**Data to process**
──────────
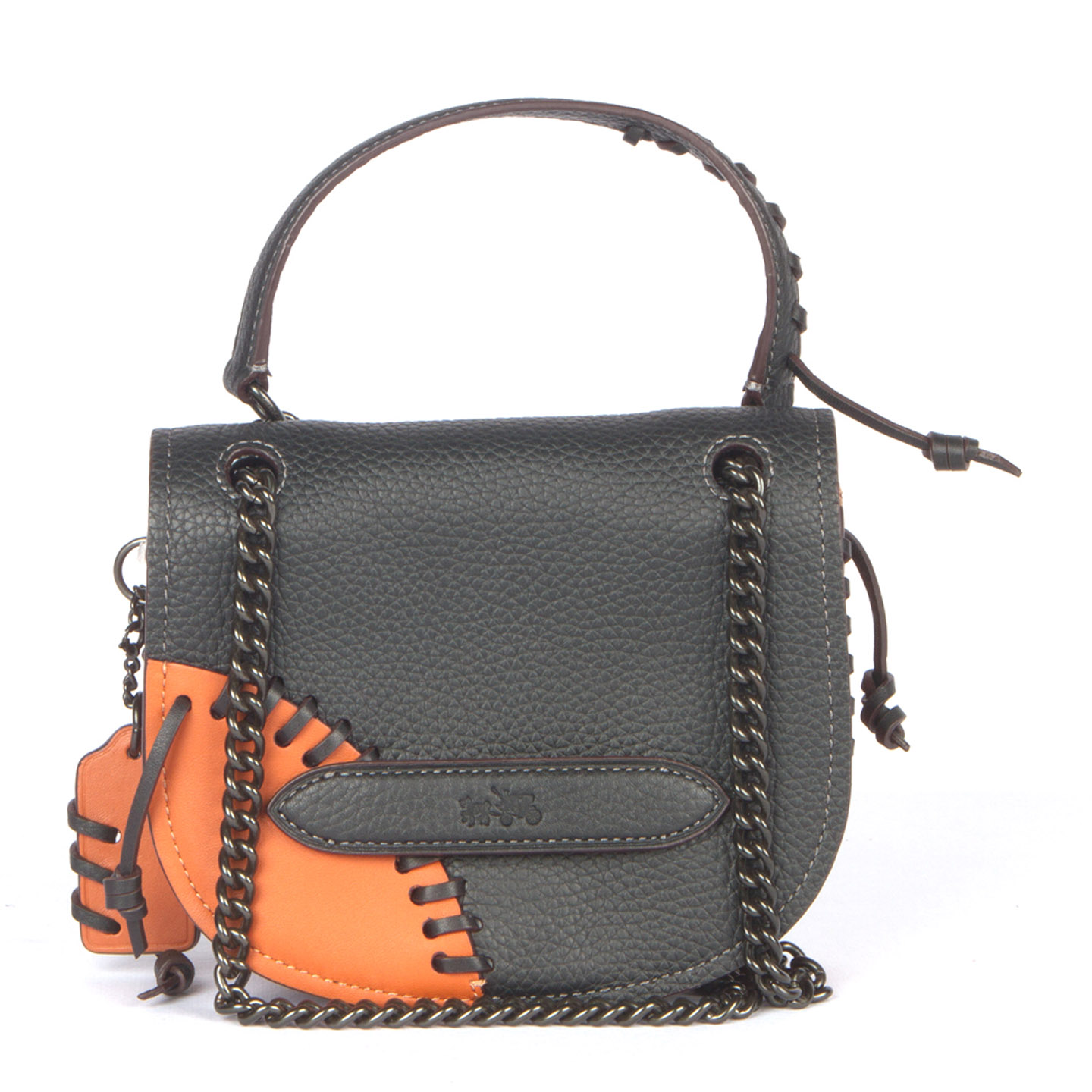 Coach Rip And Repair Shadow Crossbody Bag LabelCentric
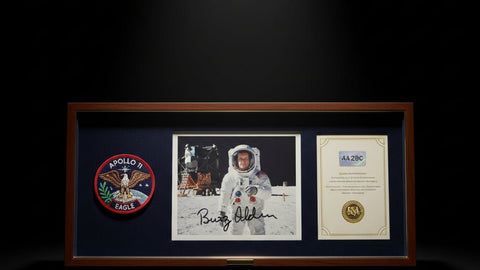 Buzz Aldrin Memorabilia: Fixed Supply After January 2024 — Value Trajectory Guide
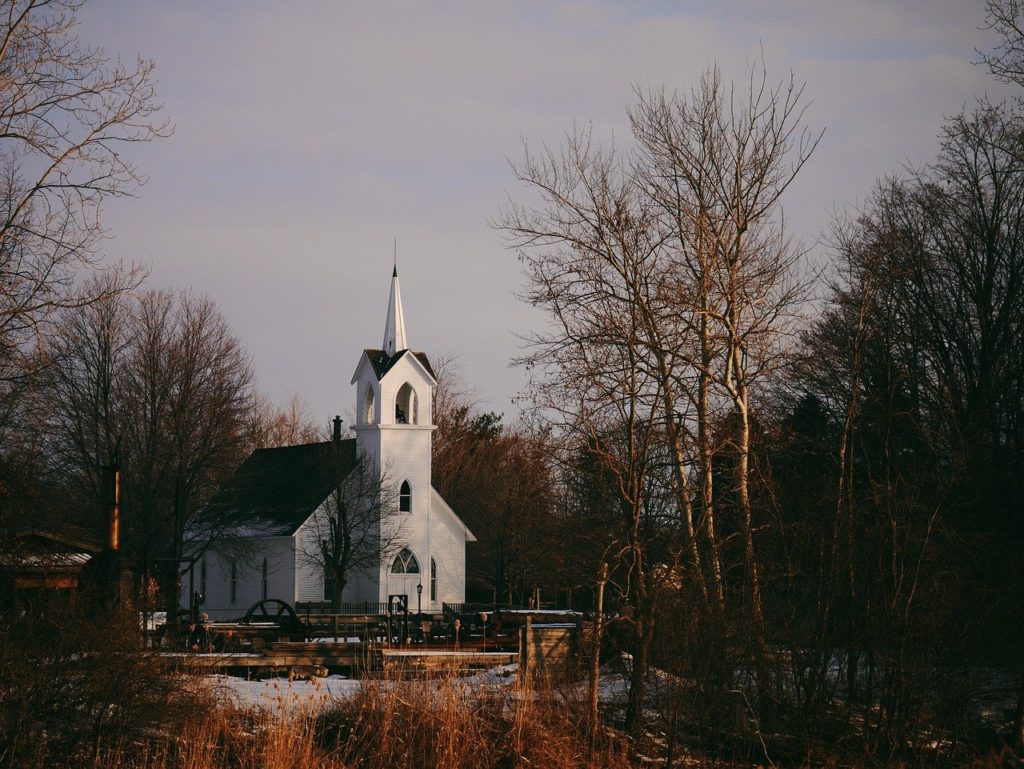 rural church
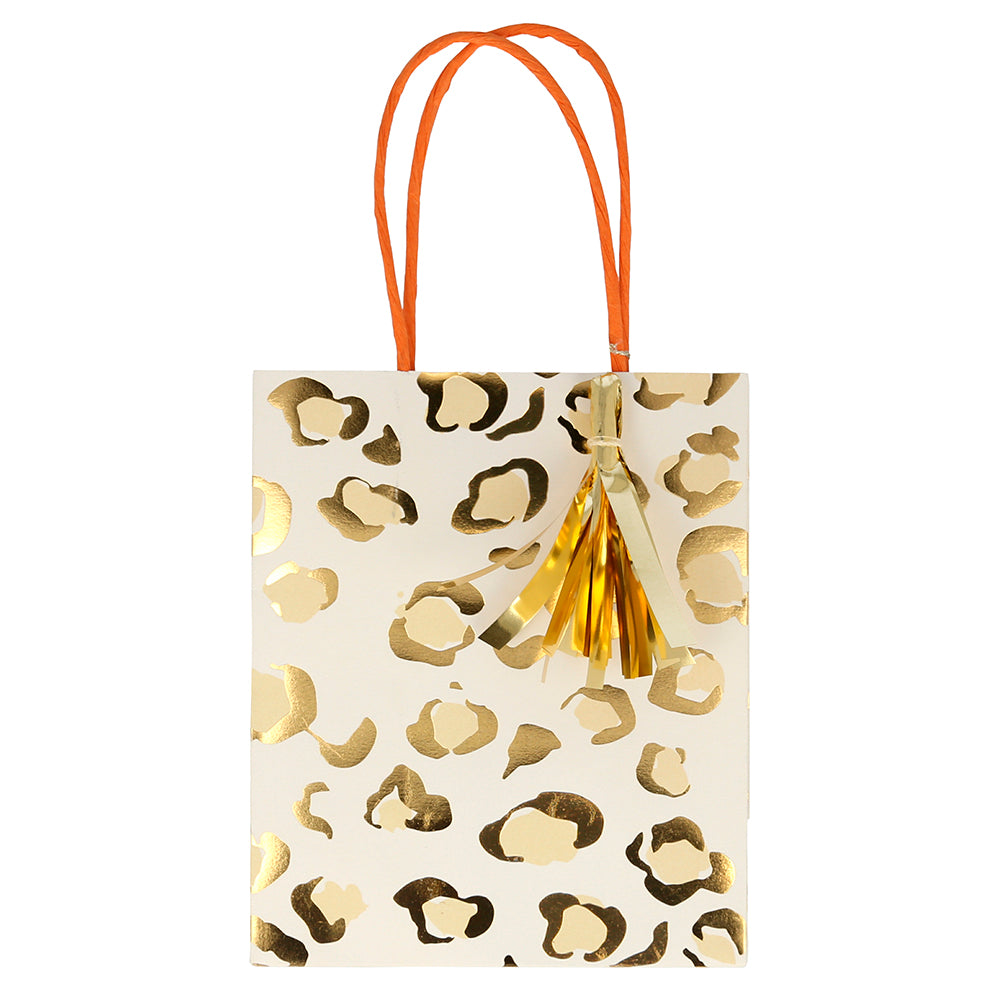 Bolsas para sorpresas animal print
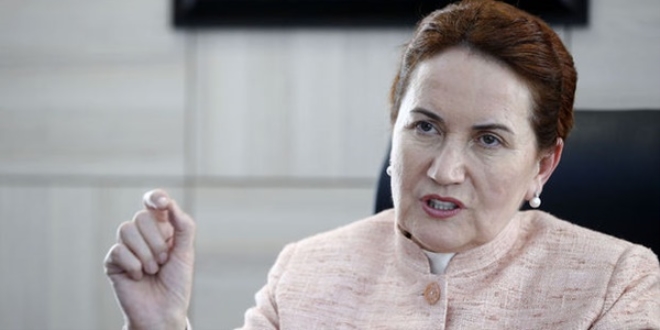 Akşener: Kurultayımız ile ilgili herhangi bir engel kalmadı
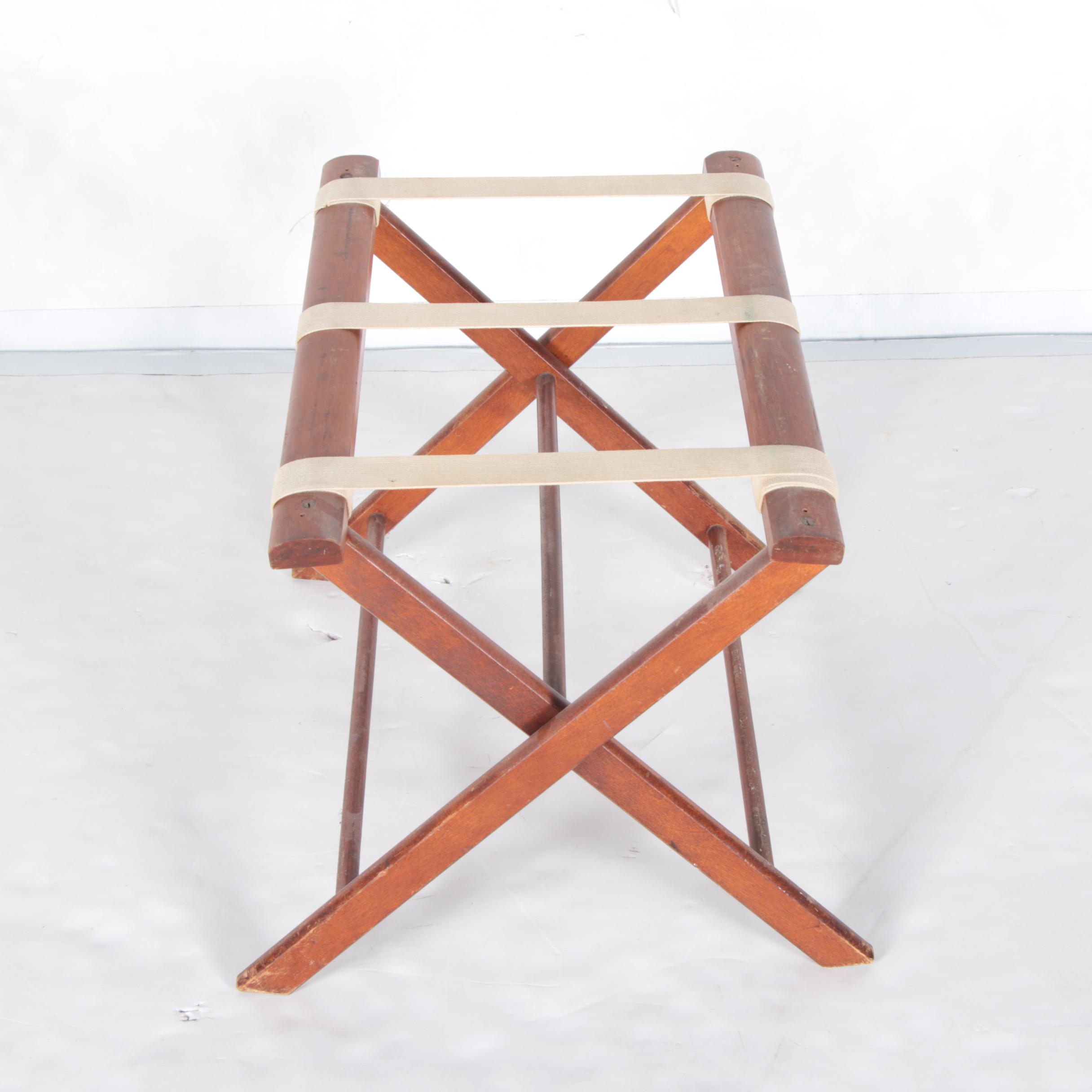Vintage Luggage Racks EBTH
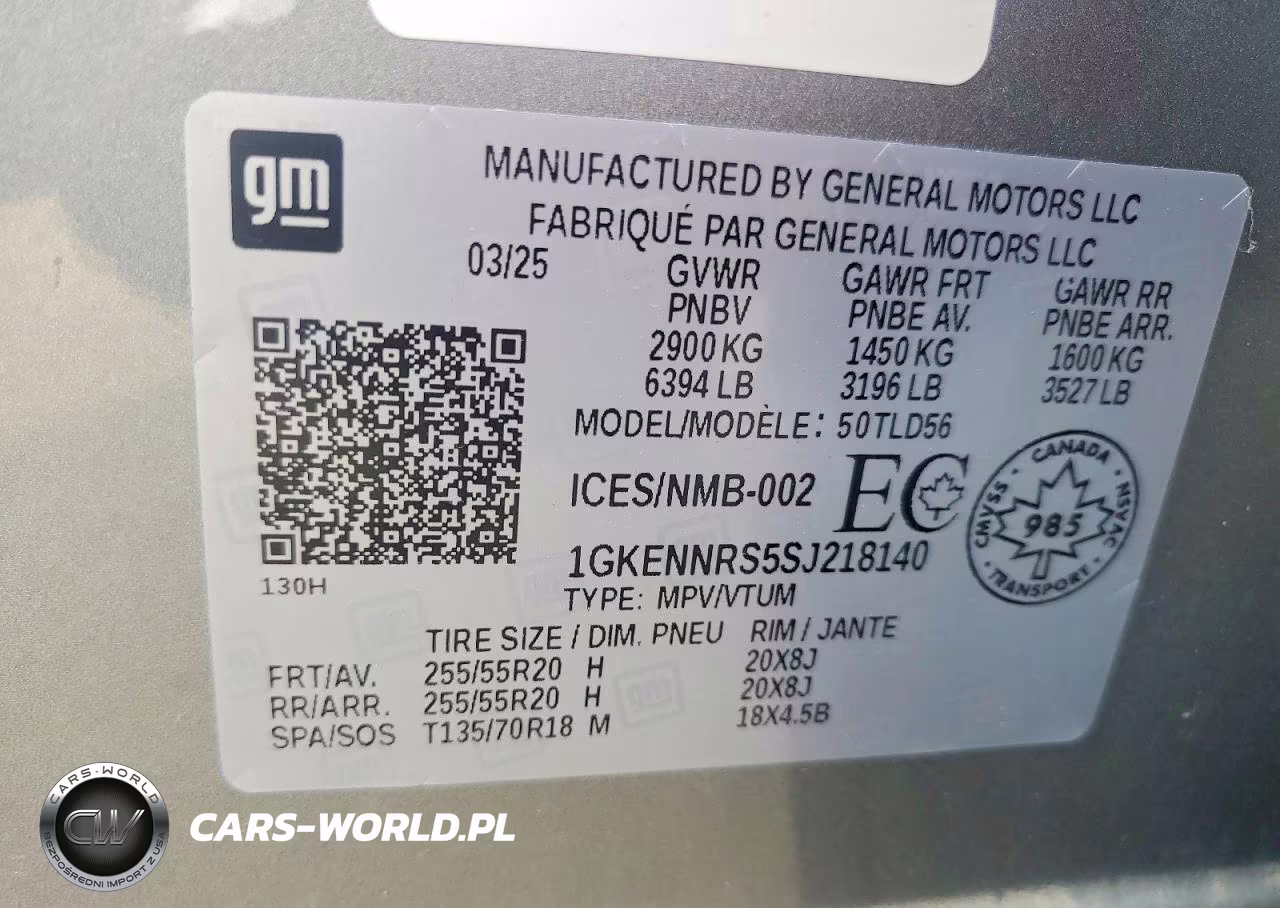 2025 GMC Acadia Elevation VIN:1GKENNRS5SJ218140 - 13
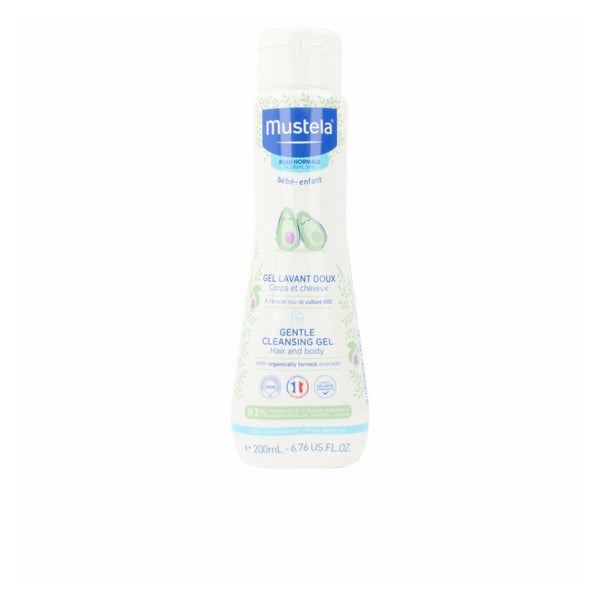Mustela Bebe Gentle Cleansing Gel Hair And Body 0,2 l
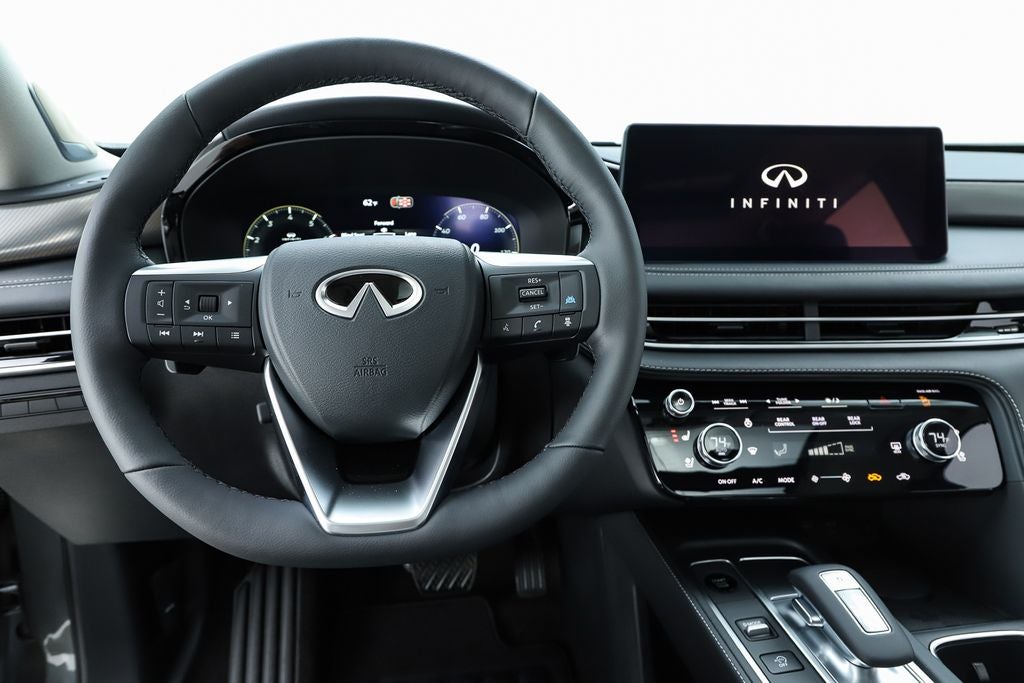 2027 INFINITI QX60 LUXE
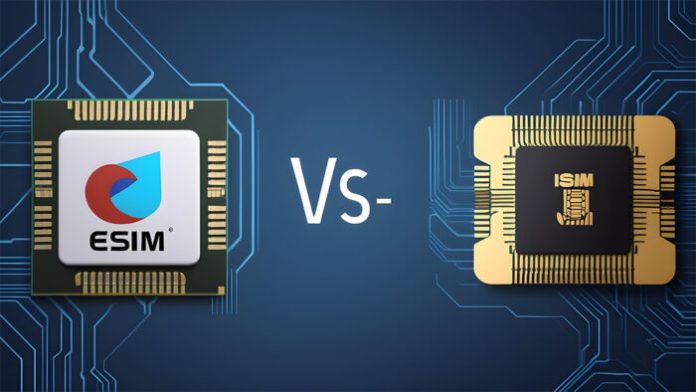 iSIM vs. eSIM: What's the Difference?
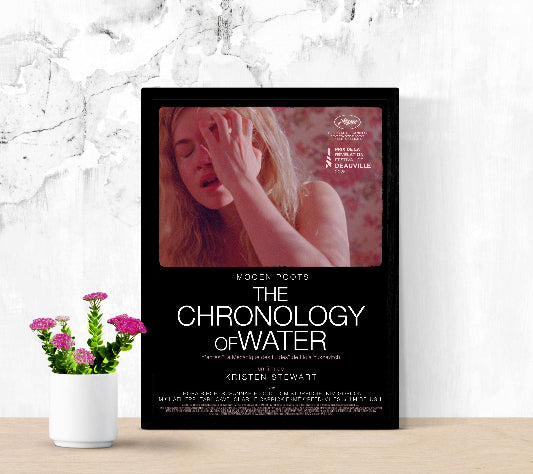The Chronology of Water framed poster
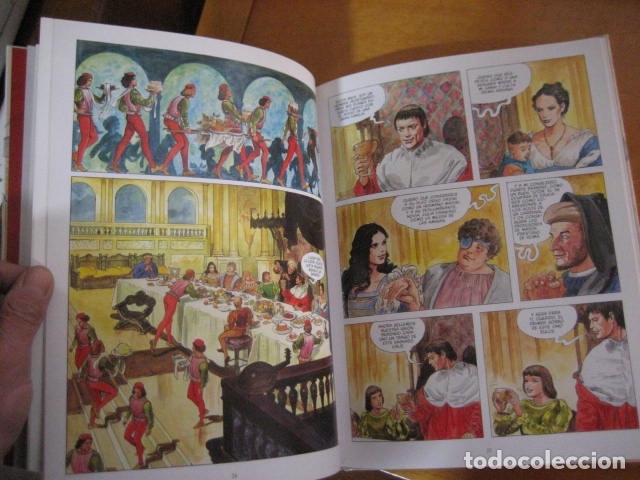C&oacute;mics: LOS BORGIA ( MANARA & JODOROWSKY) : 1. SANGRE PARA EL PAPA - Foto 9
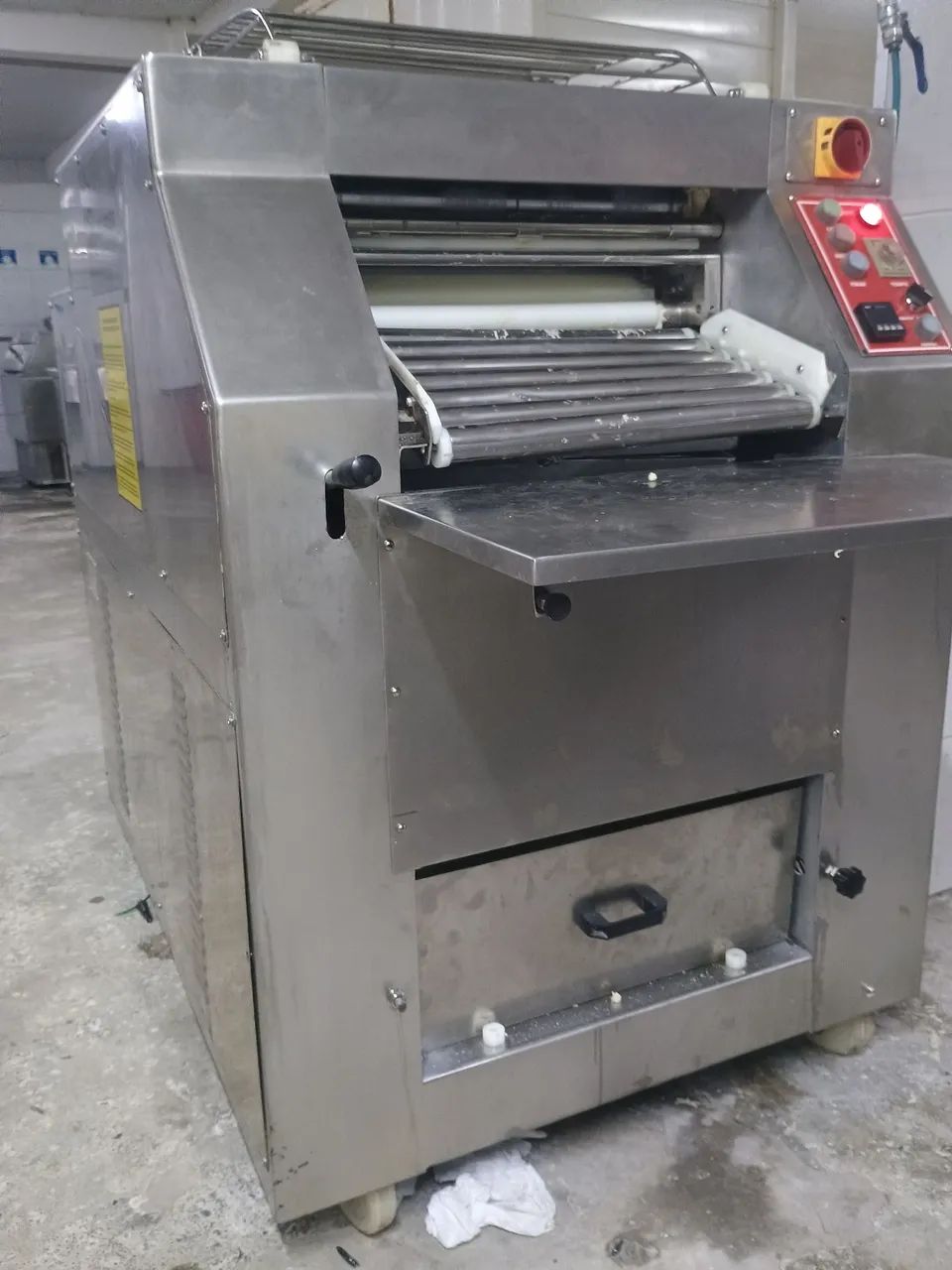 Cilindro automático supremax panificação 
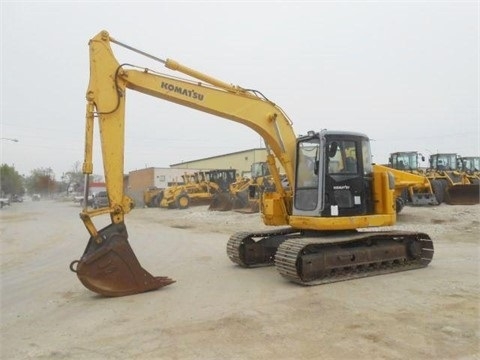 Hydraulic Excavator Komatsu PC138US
──────────
**Problem to solve**
Word for word, give the entries back in full; the pictures do not belong in the copy.

**Your response**
 Coach Rip And Repair Shadow Crossbody Bag LabelCentric
 Buzz Aldrin Memorabilia: Fixed Supply After January 2024 — Value Trajectory Guide
 rural church
 Bolsas para sorpresas animal print
 Akşener: Kurultayımız ile ilgili herhangi bir engel kalmadı
Vintage Luggage Racks EBTH
 2025 GMC Acadia Elevation VIN:1GKENNRS5SJ218140 - 13
Mustela Bebe Gentle Cleansing Gel Hair And Body 0,2 l
 2027 INFINITI QX60 LUXE
 iSIM vs. eSIM: What's the Difference?
The Chronology of Water framed poster
C&oacute;mics: LOS BORGIA ( MANARA & JODOROWSKY) : 1. SANGRE PARA EL PAPA - Foto 9
 Cilindro automático supremax panificação 
 Hydraulic Excavator Komatsu PC138US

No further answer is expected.